Dr. Robert Pearl writes about how health care reform will bring about changes in how hospitals deliver acute care and many will go out of business or change.
Pearl writes: Last week’s (Forbes) article discussed the “strategic inflections point” as that defining moment in any industry when the rules of the game begin to change. In the era of health care reform, hospitals across this country are now experiencing a time of transition.
Pearl writes: We can predict that the first hospital CEO who suggests closing down a cardiac surgical program will be fired on the spot. The doctors and local community will do everything in their power to stop it from happening.
Consolidating or closing entire hospitals will be even more painful. Regulators would likely intervene. Change will be resisted and delayed.
But, if there were fewer hospitals with higher volumes, quality would rise and the overall spend on hospital services would decrease. We should not underestimate how difficult this process will be or how long it may take. But once it is complete, patients will barely miss the old hospital down the street.
Pearl speaks about volume, but there's more to this story. Obviously, volume drives profit margins, regardless of what proceedures are performed. Also, volume is positively correlated with quality outcomes. In other words, those hospitals where volume of services are high report better patient outcomes.

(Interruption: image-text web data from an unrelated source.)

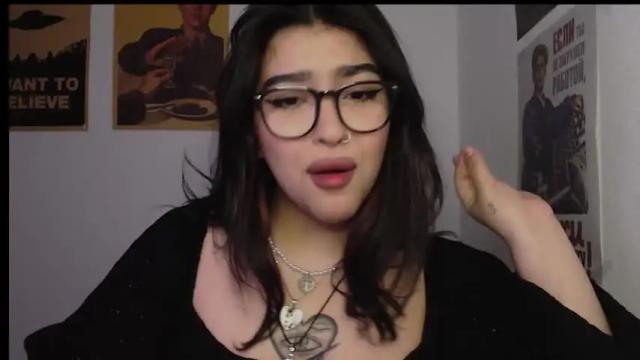 Image 3 of latina_mia Stream on Chaturbate on 13 months ago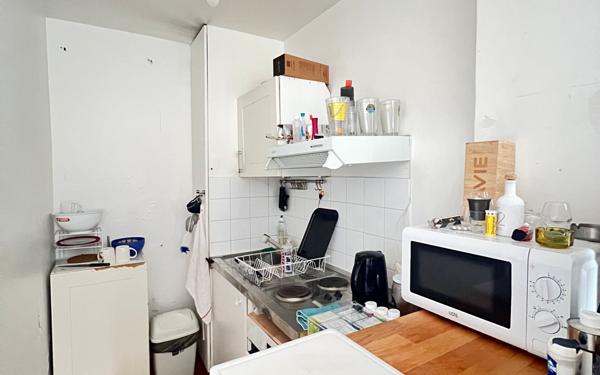 Appartement à vendre    1 pièce • 28,22 m2 Paris 19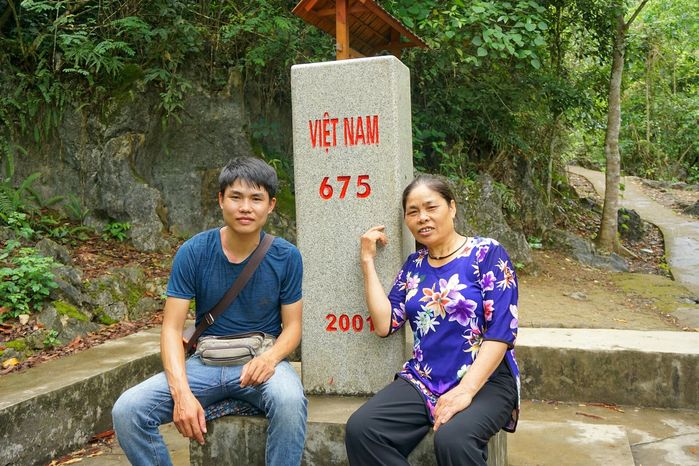 Phượt thủ 26 tuổi đưa mẹ đi khắp thế gian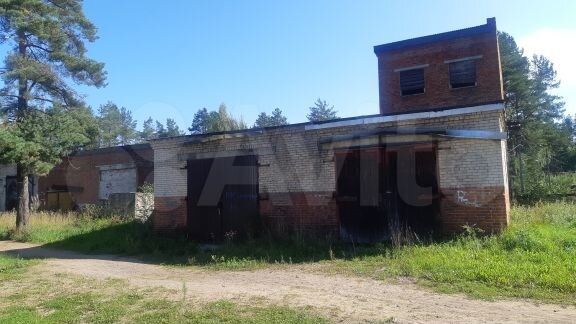 Гараж, > 30 м²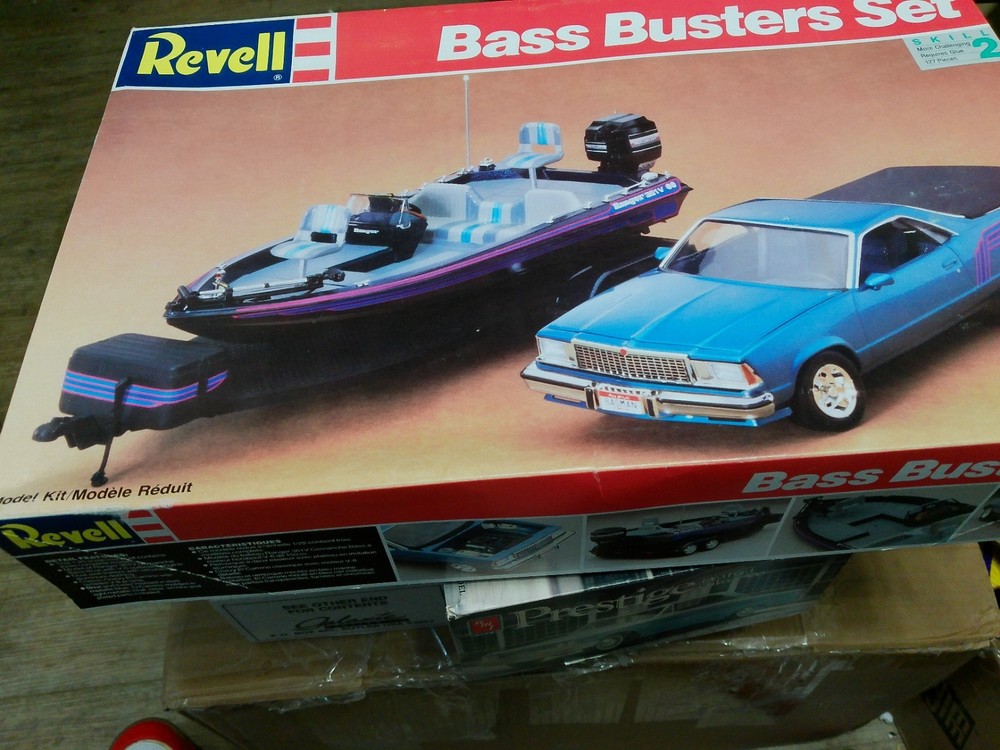 VINTAGE REVELLE BASS BUSTER SET 19 lot 0 0 0000 1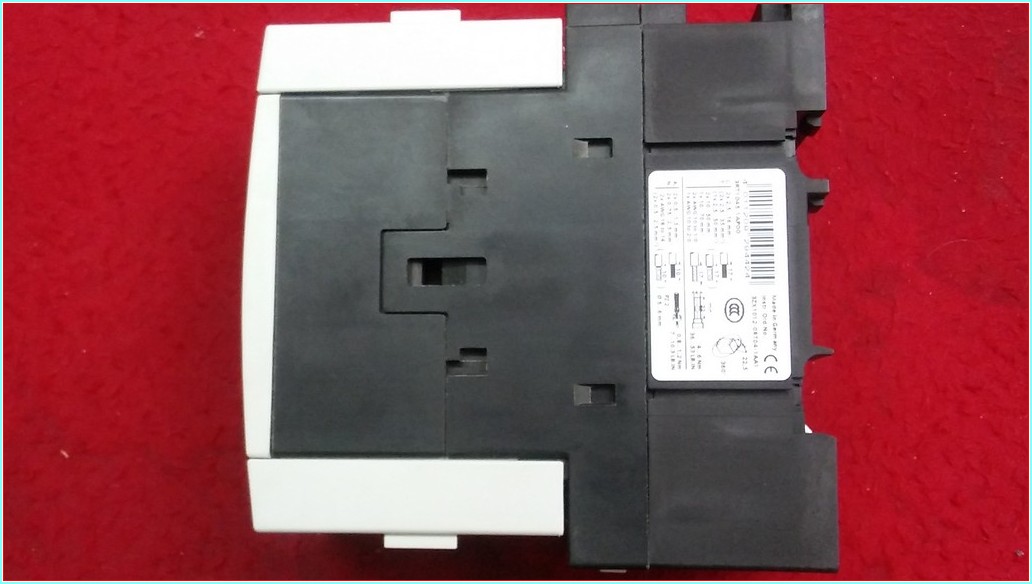 SIEMENS 3RT1045-1AP00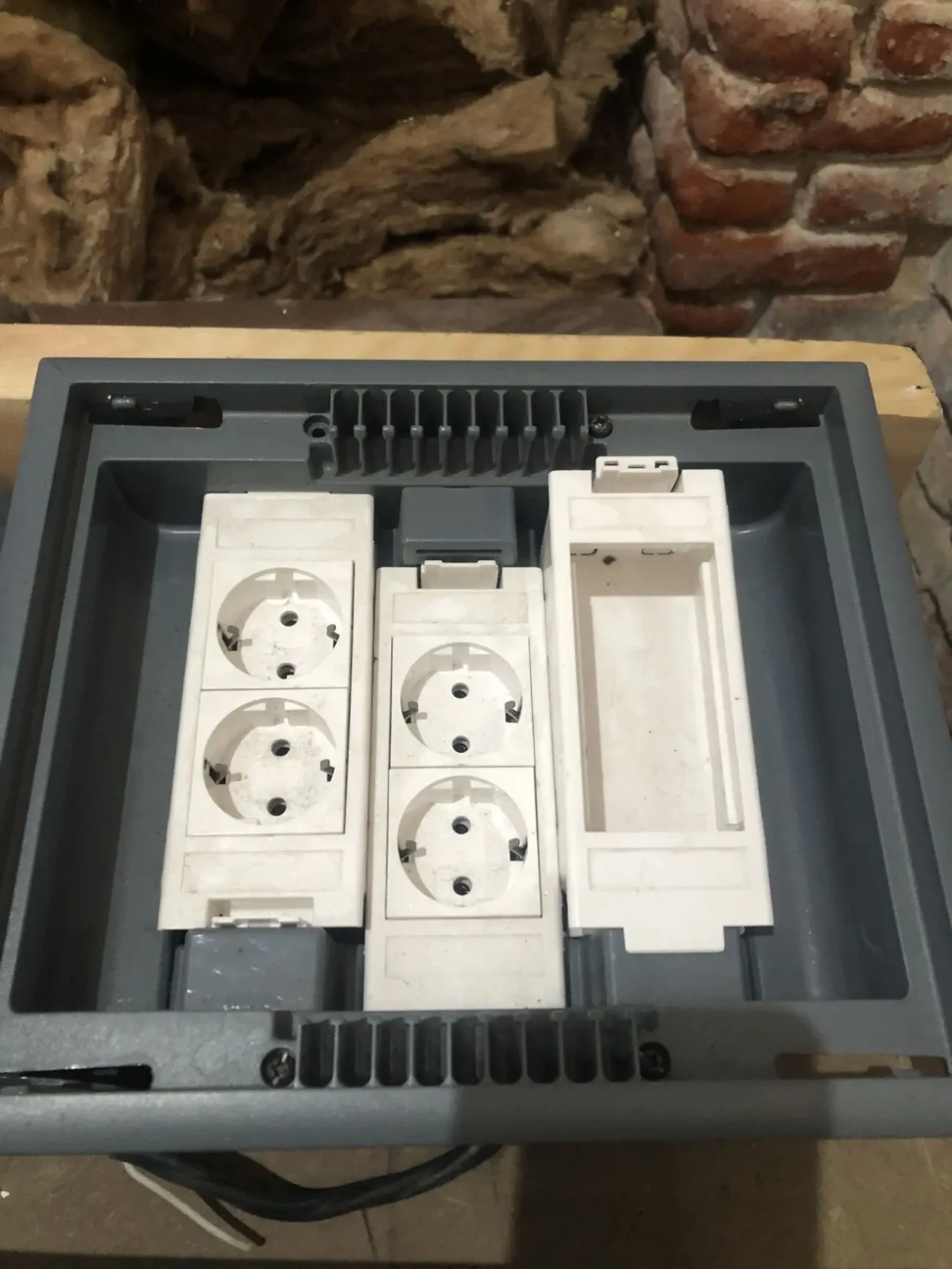 Продам электроблок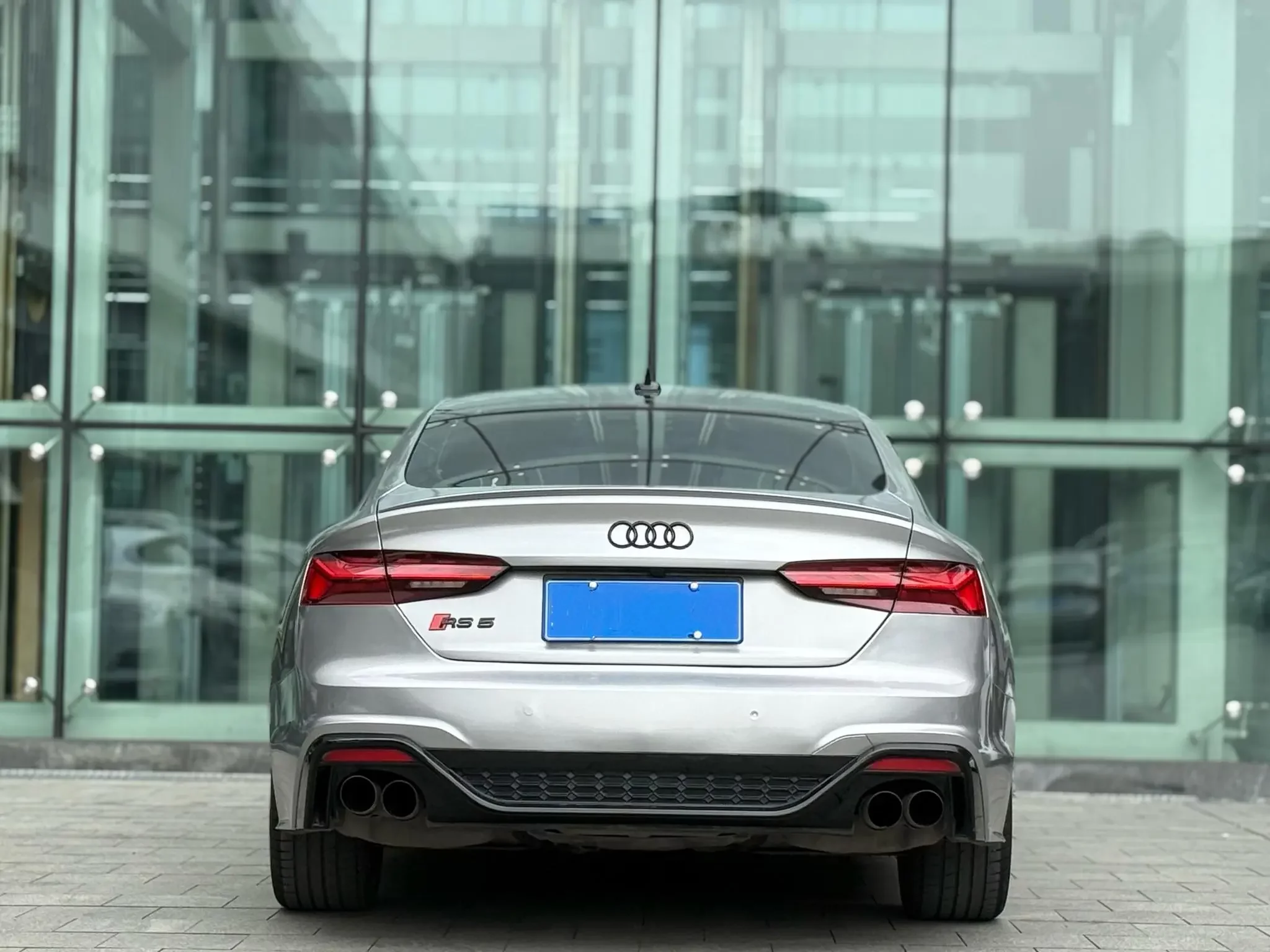 Audi S5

Nevertheless, insurers must agree to pay for these procedures and there's a limit to what's covered.
Hospitals are also in decline because the cost of keeping them modern (like hotels), fueled for temperature control and germ free have exceeded the reimbursement received for providing care. Some hospitals are booking post operative patients in real hotels rather than absorb the expense of keeping their in-patient facilities staffed to licensing requirements. For example, hospitals can only charge so much exuberant costs for simple wound dressings to compensate for the cost of care. Frankly, it's cheaper to send patients home with an instruction sheet about how to change bandages.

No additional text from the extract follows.